Immaginate di essere nel 1993. Street Fighter II sta dominando le sale giochi, le console casalinghe si affollano di picchiaduro, e Sega decide che il futuro non è nel semplice joystick, ma nel vostro intero corpo. Così nasce l’Activator, un controller esagonale futuristico che prometteva di trasformare il soggiorno di casa in una palestra marziale.

Che cos’era l’Activator?

Il Sega Activator era un anello ottagonale da posizionare sul pavimento in cui ogni lato era dotato di sensori a infrarossi, che rilevavano i movimenti del corpo e li traducevano in comandi per il gioco. Tiravi un pugno in avanti? Il personaggio sullo schermo lo imitava. Davi un calcio? Ecco un calcio virtuale. Sulla carta, era un sogno futuristico. Nella pratica… beh, ci arriviamo.

Progettato per il Sega Megadrive per titoli come Mortal Kombat e Street Fighter, il controller prometteva un livello di immersione mai visto prima. Ma il problema era uno: non funzionava come pubblicizzato. Dovevi muoverti in modo così preciso e artificiale che l’unico effetto garantito era l’esaurimento nervoso, non l’adrenalina di un vero combattimento.

Un combattimento contro il destino (e contro sé stessi)

L’Activator aveva un fascino indiscutibile, soprattutto nei primi spot televisivi. Mostravano ragazzi che lottavano con movimenti da ninja, circondati da effetti speciali luccicanti. Ma quando lo installavi in casa tua, la realtà era ben diversa. Prima di tutto, il posizionamento era cruciale. Se mettevi male anche solo uno dei sensori, il sistema non capiva cosa stavi facendo. Secondo, le movenze richieste erano così innaturali che sembrava di dover seguire un corso di yoga per robot. E poi c’era il problema della lag. Quei sensori a infrarossi (per quanto futuristici per il tempo) erano lenti e spesso confusi e ci si ritrovava così a fare gesti frenetici per poi vedere il personaggio restare fermo o, peggio, muoversi nella direzione opposta.
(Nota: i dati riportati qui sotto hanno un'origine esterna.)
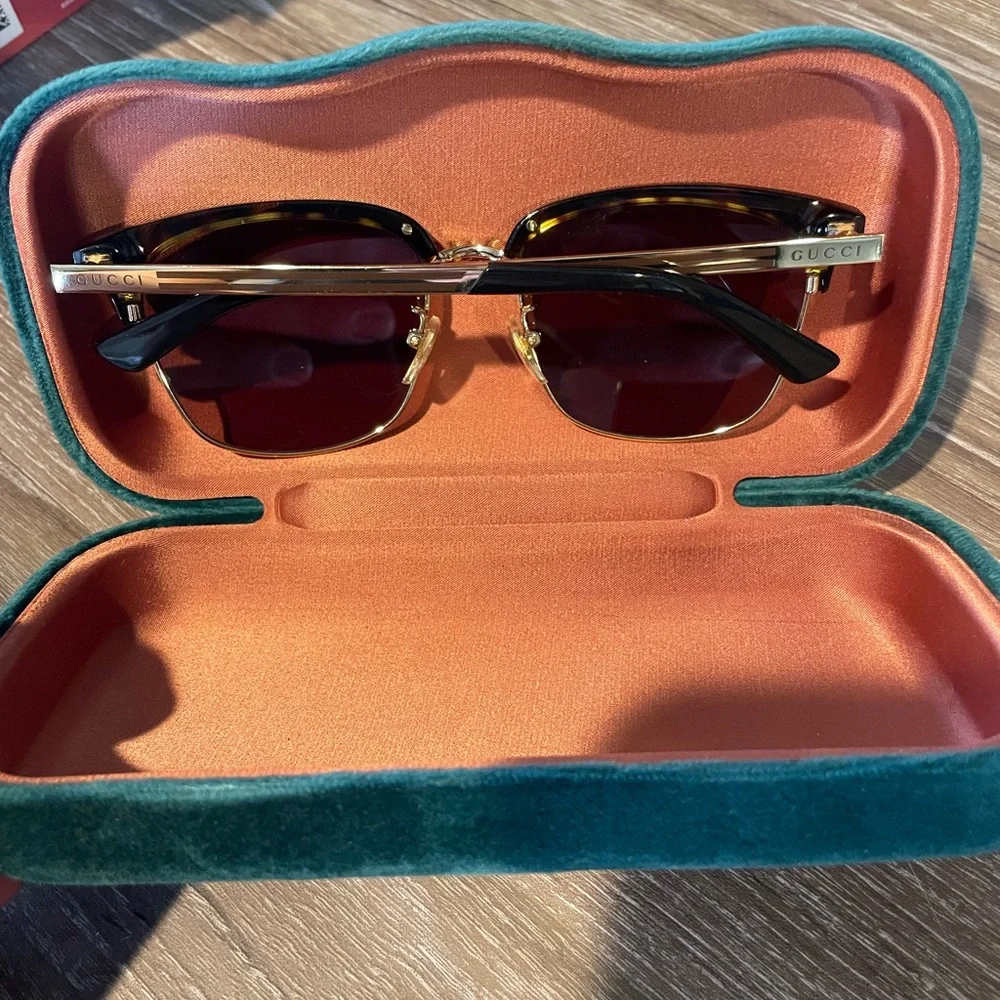 Gucci Mens Sunglasses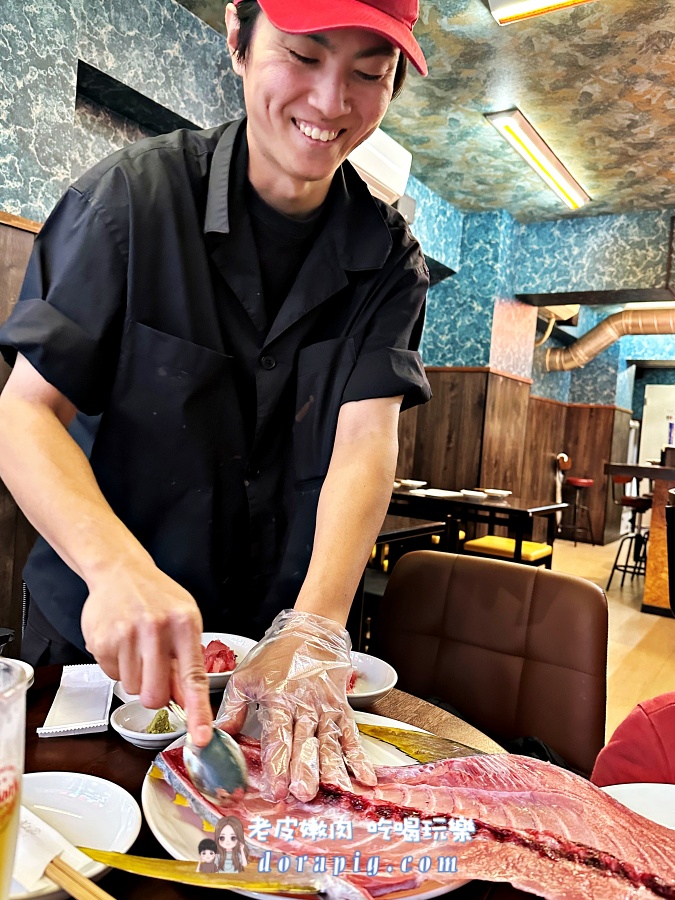 沖繩國際通推薦美榮橋站旁【ぎょぎょ丸】 生啤一杯100円 還有新鮮鮪魚生魚片 - 老皮嫩肉的流水帳生活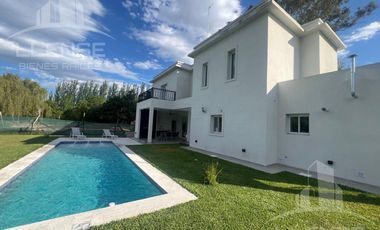 Casa 4 Ambientes en venta y alquiler - opcional extra muebles - APTA CREDITO Barrio la Candida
Nonostante i suoi difetti (o forse proprio per quelli) il Sega Activator rimane un qualcosa di totalmente futuristico. È un simbolo di un’epoca in cui i produttori di videogiochi non avevano paura di rischiare, di immaginare qualcosa di straordinario anche a costo di fallire (come infatti fallì). Certo, l’Activator fu un flop commerciale, ma la sua visione era avanti anni luce, tanto che una seconda iterazione di tale tecnologia nel mondo dei videogiochi si ebbe solo con l’introduzione del Kinect di Microsoft moltissimi anni dopo (e fu un fallimento anche quello, ma questa è un’altra storia)

Oggi il Sega Activator è diventato un oggetto di culto, relegato per sempre a rimanere in disuso nella casa di qualche collezionista . Forse non riusciva a mantenere le sue promesse, ma il suo cuore era al posto giusto: voleva portarci nel futuro, ma le persone (o la tecnologia) non erano pronte.